There are who ask not if thine eye

Be on them; who in love and truth,

Where no misgiving is, rely

Upon the genial sense of youth;

Glad hearts, without reproach or blot,

Who do thy work, and know it not.

                                                            [Wordsworth, Ode to Duty.]

 

But for most men the wide gate and the broad way prove irresistibly attractive.  Only when we recognize that it is leading us away from the City of God do we turn and retrace our steps, asking for the purity of heart that is not afraid to face difficulty and danger, if only at last we may enter in through the gates unto the City and be satisfied with the vision of God.

 

IX The Blessedness of the Peacemakers

         How beautiful upon the mountains are the feet of Him that bringeth good tidings, that publisheth peace, that bringeth good tidings of good, that publisheth salvation. Isaiah 52:7.

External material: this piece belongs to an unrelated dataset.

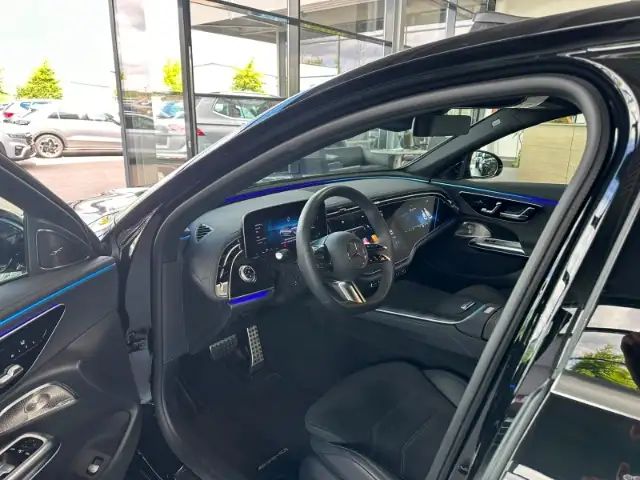 Mercedes-Benz E-Class view 17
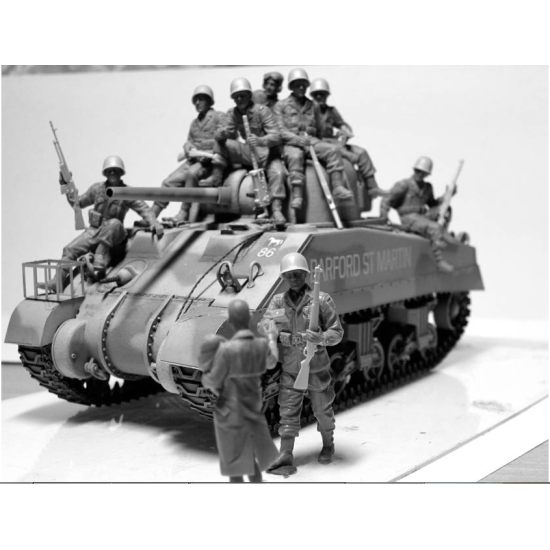 101 LIGHT COMPANY US PARATROOPERS AND BRITISH TANKMAN 1944 1/35 MASTER BOX 35164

         If the peacemakers are they who do not contend one with another, but reconcile those that are at strife, they are rightly called sons of God, seeing that this was the chief employment of the Only-begotten Son, to reconcile things separated, to give peace to things at war. St. John Chrysostom.

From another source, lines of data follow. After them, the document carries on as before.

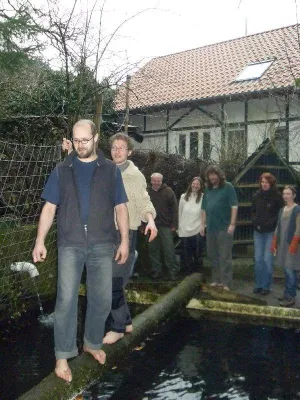 Bild: Pilotprogramm der Natur- und Wildnisschule entlässt nach 4-jähriger Ausbildung erfolgreich ihre Teilnehmer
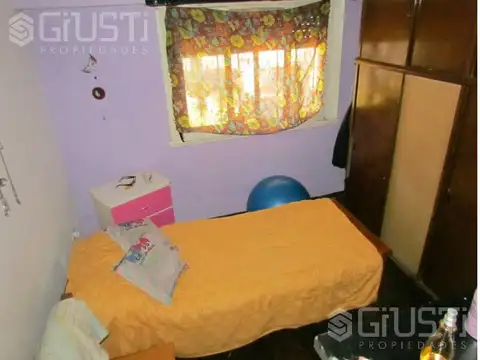 Casa en Venta en Castelar Sur, USD 70.000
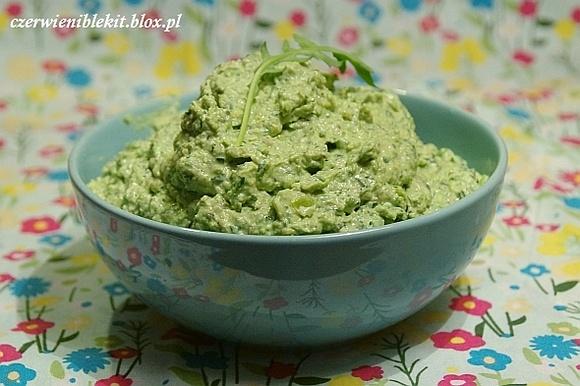 Pasta rukolowa z groszkiem, oliwkami i fetą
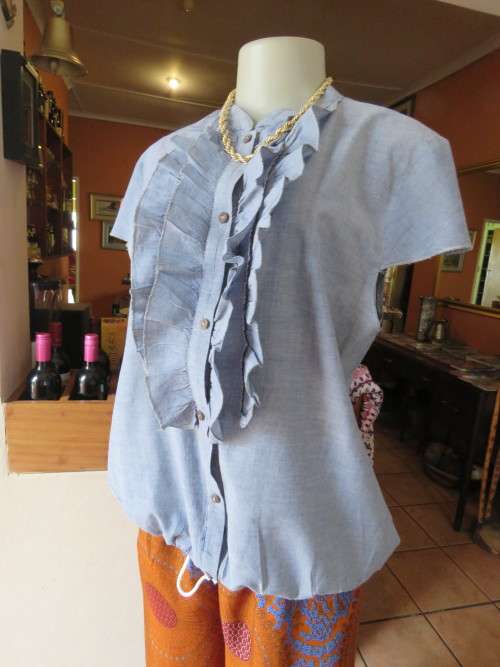Denim colour top in size 40/16 in 100% cotton.Short capped sleeves.Used but fine for everyday wear.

         The peacemakers are pronounced blessed, they namely who make peace first within their own hearts, then between brethren at variance.  For what avails it to make peace between others, while in your own heart are wars of rebellious vices? St. Jerome.

 

         The Hebrew word for peace is derived from a root meaning wholeness.  So peace, in the Old Testament, generally means more than the absence of war or civil strife.  It is the condition of wellbeing in which men and nations live when they are fulfilling the law of their being.  So the usual greeting Peace be with you means may you prosper and be in health (3 St. John 2).  Peace is therefore regarded as a gift of God to the righteous.  The work of righteousness shall be peace; and the effect of righteousness, quietness and confidence for ever. [Isaiah 32:17.]  Among the blessings of the Kingdom of God none is more to be desired than peace.  The covenant of God with His people is a covenant of peace, and the title of the ideal King is the Prince of Peace.  Of the increase of His government and peace there shall be no end.  So the song of Zacharias proclaims the coming of One who shall guide our feet into the way of peace.

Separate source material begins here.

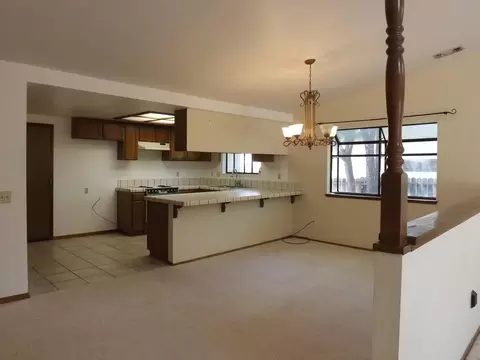 860 Oakmont Dr, Redding, CA 96003 photo 4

         Peace is, first of all, a right relation with God.  The peace of God, which passeth all understanding, garrisons the hearts and thoughts of those who trust in Him.  The great enemy of peace is sin, because sin means alienation from the God of peace.  The harmony of the spiritual life is broken, and the civil war that St. Paul describes in Romans 7 begins.  Jesus came to reconcile all things to God, having made peace by the blood of His cross.  He abolished the enmity between Jew and Gentile, creating of the twain one new man, so making peace.  He was the great peacemaker, and in this Beatitude He invites all the children of the Kingdom to follow His example.  He may have been thinking of the herald on the mountains, bringing the message of peace to Zion.  For the highest kind of peacemaking is the preaching of the gospel of reconciliation.  God wants to be at peace with you, is the message that every Christian man is charged to deliver.  There will never be peace on earth till men recognize and respond to the goodwill of God.  The peace of God is the source of all wellbeing; without it, all the deepest needs of our nature remain unsatisfied.  How much of the restlessness of modern life is due to the fact that men have missed the way of peace, and are trying to find in external things the satisfaction that they cannot give.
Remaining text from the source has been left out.